* _WHAT IS NEEDED_
No pictures go into the copy. Write out exactly the lines below from the one containing "FEN1 Antibody" through the one containing "MedTech Distribution".

Collected data
○ ○ ○
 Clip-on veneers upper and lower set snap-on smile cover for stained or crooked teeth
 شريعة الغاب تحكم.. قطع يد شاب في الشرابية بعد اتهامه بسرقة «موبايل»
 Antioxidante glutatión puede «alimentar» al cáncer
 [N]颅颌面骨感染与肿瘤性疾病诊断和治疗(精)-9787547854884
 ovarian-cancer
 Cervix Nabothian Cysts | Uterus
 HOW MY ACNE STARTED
○ ○ ○
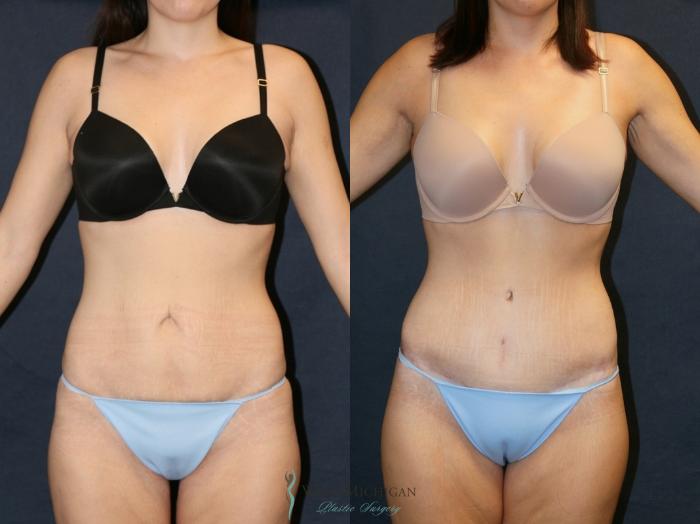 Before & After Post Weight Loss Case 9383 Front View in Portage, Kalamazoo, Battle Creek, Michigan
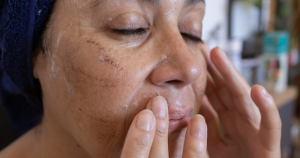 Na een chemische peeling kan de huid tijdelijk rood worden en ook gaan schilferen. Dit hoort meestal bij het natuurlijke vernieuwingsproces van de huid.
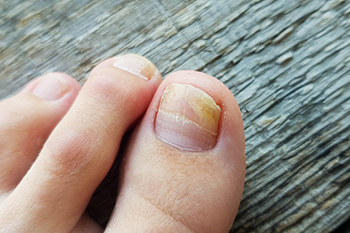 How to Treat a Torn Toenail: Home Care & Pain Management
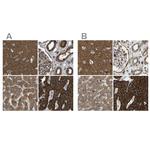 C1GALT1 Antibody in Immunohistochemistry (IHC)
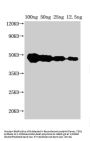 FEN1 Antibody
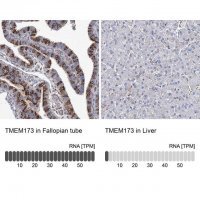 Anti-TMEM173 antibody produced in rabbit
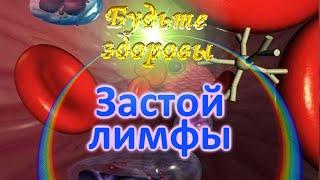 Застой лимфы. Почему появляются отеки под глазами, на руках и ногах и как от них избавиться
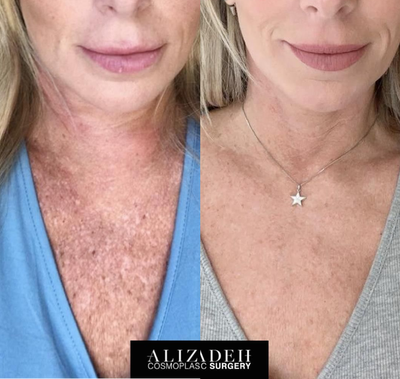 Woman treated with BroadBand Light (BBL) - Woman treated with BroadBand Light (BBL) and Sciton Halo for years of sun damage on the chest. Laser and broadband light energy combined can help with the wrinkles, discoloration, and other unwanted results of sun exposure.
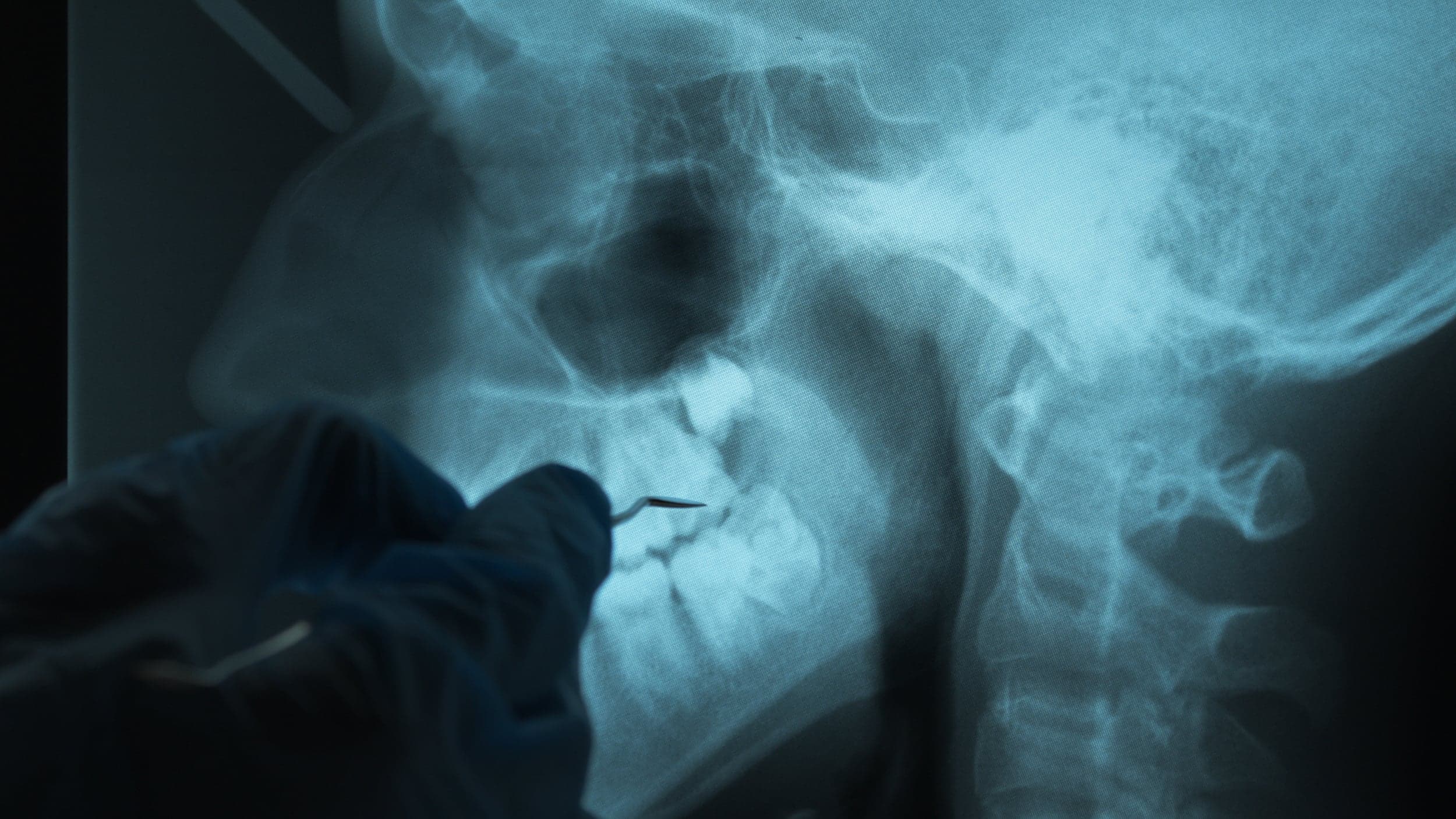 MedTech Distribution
○ ○ ○
* _RESULT_
 FEN1 Antibody
 Anti-TMEM173 antibody produced in rabbit
 Застой лимфы. Почему появляются отеки под глазами, на руках и ногах и как от них избавиться
 Woman treated with BroadBand Light (BBL) - Woman treated with BroadBand Light (BBL) and Sciton Halo for years of sun damage on the chest. Laser and broadband light energy combined can help with the wrinkles, discoloration, and other unwanted results of sun exposure.
 MedTech Distribution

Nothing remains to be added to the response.